Il processo iniziò negli anni ottanta,
quando, dopo la fine della stagione dei movimenti, le delocalizzazioni
industriali, il graduale declino del welfare, l’ascesa
dell’ipercapitalismo finanziario, iniziarono a delegittimare il lavoro
come fattore principale dello sviluppo economico e come fondamento della
vita sociale.
A questo, devo dire, dette il suo
generoso contributo l’Autonomia Operaia negriana (che,
significativamente, perse presto l’aggettivazione “operaia” per
diventare semplicemente “Autonomia” che non si capisce di chi e da cosa)
teorizzando il “rifiuto del lavoro” come forma di rivoluzione, idea
discesa da una cattiva digestione della tematica marxiana della
liberazione dal lavoro. Quel che era alimentato da un sogno infantile
che descriveva un mondo interamente automatizzato e socializzato, che,
in concreto, si traduceva nel migliore aiuto all’offensiva neo liberista
contro il lavoro: se il lavoro non ha valore etico per te, non ne ha
per gli altri e, conseguentemente, cessa di avere anche valore
economico.
Disoccupazione, precariato e sotto
salari sono fenomeni interdipendenti e sono figli, oltre che della
crescente automazione, di questa svalorizzazione del lavoro. Il Capitale
ha risposto all’Autonomia: “Rifiutate il lavoro? Ma chi ve lo vuol dare?! Potete scegliere fra disoccupazione e precariato”.
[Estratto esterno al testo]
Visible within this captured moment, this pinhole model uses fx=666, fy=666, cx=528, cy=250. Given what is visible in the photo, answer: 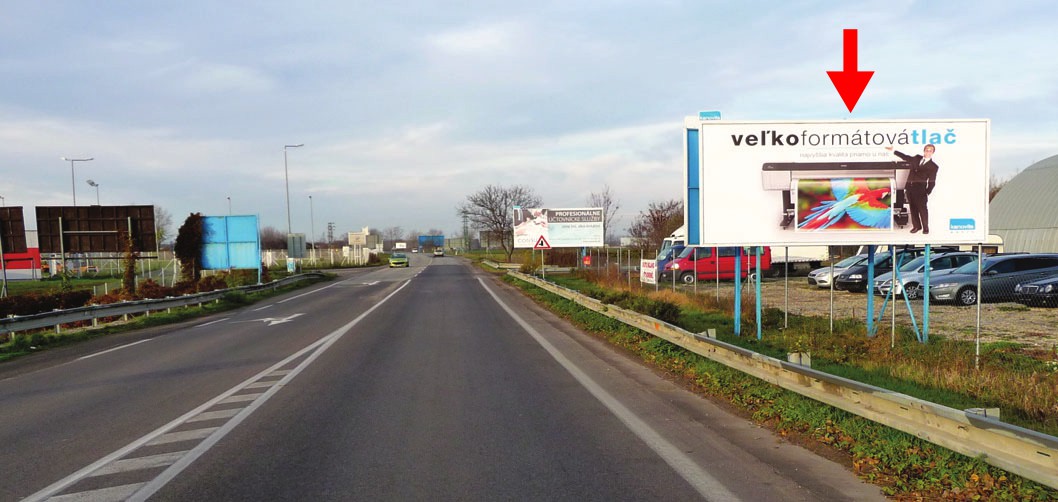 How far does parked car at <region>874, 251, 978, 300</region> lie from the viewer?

E, dunque il lavoro, in Europa,
ha cessato anche di essere il fondamento della democrazia sociale e
delle istituzioni repubblicane che da essa derivano. E’ la
precarizzazione di massa, dove ad essere precario, cioè insicuro, non è
solo l’impiego, ma è anche la professionalità e, con essa va a farsi
benedire anche lo sviluppo economico e sociale. Sapete dirmi a che serve
tenere un giovane agli studi per 13 anni (senza contare l’università)
se per tutta la vita alternerà lavori come consegnare pizze a domicilio,
rispondere in un call center, fare il commesso in un centro commerciale
o il badante?
Il fatto è che il lavoro (quello serio,
non quello di chi ti rompe le scatole ad ogni ora, per un annuncio
commerciale telefonico che dovrebbe essere proibito per legge) è una
necessità sociale, almeno per ora insopprimibile, e chi pensa di poter
vivere facendone a meno, pensa solo di vivere alle spalle dei lavoratori
dei paesi emergenti, che producono quel che lui consuma. Insomma è un
parassita.
Ma la storia si vendica e, se i profitti
di questa colossale macchina di sfruttamento finiranno nelle tasche di
una borghesia globalizzata e senza nazione, che si sposterà man mano
dove gli converrà, lo sviluppo ci sarà solo nei paesi emergenti e le
metropoli occidentali diverranno zone di sottosviluppo nel giro di
qualche decennio. E qui c’è già il conto da pagare: 1 giovane su 3 è disoccupato
e 3 su 4 di quelli che lavorano sono precari, e tutti non avranno una
pensione o, se l’avranno, se ne parla oltre i 70 anni e per sussidi da
fame.
Cari amici che sognate il rifiuto del lavoro, questa non è la stessa cosa che la liberazione dal lavoro ed è una cultura di destra e tutt’altro che antagonista
al sistema. Voi aspirate a vivere con le briciole che cadono dal
banchetto dell’ipercapitalismo finanziario, ma durerà ancora poco.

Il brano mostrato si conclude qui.